— HOW TO COMPLETE THIS TASK —
After locating the line that contains "特大城市安卓版下载二维码" in the following entries, reproduce it and each later line exactly, including the last.

— EXTRACTED INFORMATION —
....

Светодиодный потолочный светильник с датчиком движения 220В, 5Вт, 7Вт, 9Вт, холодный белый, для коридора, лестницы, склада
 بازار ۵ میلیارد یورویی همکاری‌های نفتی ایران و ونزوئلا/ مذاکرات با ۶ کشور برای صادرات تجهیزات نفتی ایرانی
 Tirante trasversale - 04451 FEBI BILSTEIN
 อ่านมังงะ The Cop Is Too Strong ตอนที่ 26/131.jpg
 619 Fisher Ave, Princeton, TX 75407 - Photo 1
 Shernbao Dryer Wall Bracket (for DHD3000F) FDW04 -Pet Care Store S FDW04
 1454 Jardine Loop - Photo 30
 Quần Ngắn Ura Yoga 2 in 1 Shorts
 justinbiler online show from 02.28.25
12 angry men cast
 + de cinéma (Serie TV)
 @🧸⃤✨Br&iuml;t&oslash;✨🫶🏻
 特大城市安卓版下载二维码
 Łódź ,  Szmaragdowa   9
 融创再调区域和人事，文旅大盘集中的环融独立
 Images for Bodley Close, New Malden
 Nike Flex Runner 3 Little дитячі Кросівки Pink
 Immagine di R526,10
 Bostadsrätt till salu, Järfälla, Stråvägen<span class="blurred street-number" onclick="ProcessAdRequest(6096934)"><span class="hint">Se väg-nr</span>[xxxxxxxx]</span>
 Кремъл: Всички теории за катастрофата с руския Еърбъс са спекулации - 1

....

— RESPONSE TO THE EXERCISE —
 特大城市安卓版下载二维码
 Łódź ,  Szmaragdowa   9
 融创再调区域和人事，文旅大盘集中的环融独立
 Images for Bodley Close, New Malden
 Nike Flex Runner 3 Little дитячі Кросівки Pink
 Immagine di R526,10
 Bostadsrätt till salu, Järfälla, Stråvägen<span class="blurred street-number" onclick="ProcessAdRequest(6096934)"><span class="hint">Se väg-nr</span>[xxxxxxxx]</span>
 Кремъл: Всички теории за катастрофата с руския Еърбъс са спекулации - 1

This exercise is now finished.